A ristra is a string of dried chiles, garlic or other foodstuffs. But in New Mexico, when someone talks about a ristra, they're referring to the string of red chile pods that can be found hanging as decoration on many New Mexican homes, especially those made of adobe.
Ristras of chiles are sold at farmers' markets and are seasonally fresh in the late summer or early fall. Ristras are said to bring both good health and good luck.
Red chile ristras can be found throughout the Land of Enchantment as decoration. They're often hung on front porches and portals as a cheerful welcome. They can also be hung in kitchens, where the chiles can be used as needed.
The red chile pods of ristras were once green chile pods that were left on the vine long enough that they turned red. Then they were picked and strung with twine onto a ristra rope.

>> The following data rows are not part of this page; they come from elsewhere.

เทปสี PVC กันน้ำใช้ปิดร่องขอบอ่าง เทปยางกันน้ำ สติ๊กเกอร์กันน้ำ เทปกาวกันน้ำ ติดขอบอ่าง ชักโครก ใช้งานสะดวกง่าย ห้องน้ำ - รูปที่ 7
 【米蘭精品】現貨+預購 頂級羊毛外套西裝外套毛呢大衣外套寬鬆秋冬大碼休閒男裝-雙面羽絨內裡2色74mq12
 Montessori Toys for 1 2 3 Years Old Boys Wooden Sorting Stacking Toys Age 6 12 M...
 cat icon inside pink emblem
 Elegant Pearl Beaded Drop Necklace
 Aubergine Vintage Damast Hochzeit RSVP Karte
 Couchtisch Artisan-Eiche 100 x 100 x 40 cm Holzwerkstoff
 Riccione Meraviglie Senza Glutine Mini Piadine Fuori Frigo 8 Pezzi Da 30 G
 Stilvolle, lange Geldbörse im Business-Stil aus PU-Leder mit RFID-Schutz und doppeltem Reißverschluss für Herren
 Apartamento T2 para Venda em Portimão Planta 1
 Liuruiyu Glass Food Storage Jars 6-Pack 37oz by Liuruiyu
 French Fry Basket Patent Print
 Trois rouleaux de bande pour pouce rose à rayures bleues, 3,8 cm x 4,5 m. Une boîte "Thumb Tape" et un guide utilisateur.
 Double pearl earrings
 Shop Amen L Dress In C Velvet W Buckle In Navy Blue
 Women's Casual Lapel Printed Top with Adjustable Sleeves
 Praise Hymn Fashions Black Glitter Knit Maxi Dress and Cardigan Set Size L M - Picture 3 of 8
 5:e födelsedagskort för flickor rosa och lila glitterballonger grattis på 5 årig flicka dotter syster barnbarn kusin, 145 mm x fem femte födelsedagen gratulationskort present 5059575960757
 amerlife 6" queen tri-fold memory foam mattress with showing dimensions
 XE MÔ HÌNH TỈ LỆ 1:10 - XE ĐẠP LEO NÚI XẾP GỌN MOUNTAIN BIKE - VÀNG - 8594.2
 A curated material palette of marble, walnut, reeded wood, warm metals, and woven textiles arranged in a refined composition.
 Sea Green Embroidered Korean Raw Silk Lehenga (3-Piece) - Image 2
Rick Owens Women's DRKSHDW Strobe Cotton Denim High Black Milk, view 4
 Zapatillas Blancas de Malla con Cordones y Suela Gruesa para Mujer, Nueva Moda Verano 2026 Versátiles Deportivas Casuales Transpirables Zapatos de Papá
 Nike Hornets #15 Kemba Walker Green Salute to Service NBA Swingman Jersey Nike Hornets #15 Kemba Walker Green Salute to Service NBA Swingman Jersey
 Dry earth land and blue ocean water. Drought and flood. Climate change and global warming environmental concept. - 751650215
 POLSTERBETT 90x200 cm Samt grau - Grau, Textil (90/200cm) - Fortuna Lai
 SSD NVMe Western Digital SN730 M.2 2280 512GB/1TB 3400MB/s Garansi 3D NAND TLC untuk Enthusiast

Chiles are part of the Capsicum genus in the nightshade family of plants. Other nightshades include tomatoes, eggplant, and potatoes. Chiles are a type of pepper. They are not related to black pepper, but they are related to other peppers, which can range from sweet bell peppers to jalapenos to spicy habaneros. The New Mexican chile, which is grown throughout the state but is most well known as coming from Hatch, is usually an Anaheim chile.
Chile is so important to the state of New Mexico that we have a state question: red or green, meaning, would you like red or green chile with your meal?
There is some controversy over how the word chile should be spelled. Some spell it chili, and others chile. In New Mexico, we spell it chile with an "e." Chile is the Hispanic spelling of the word.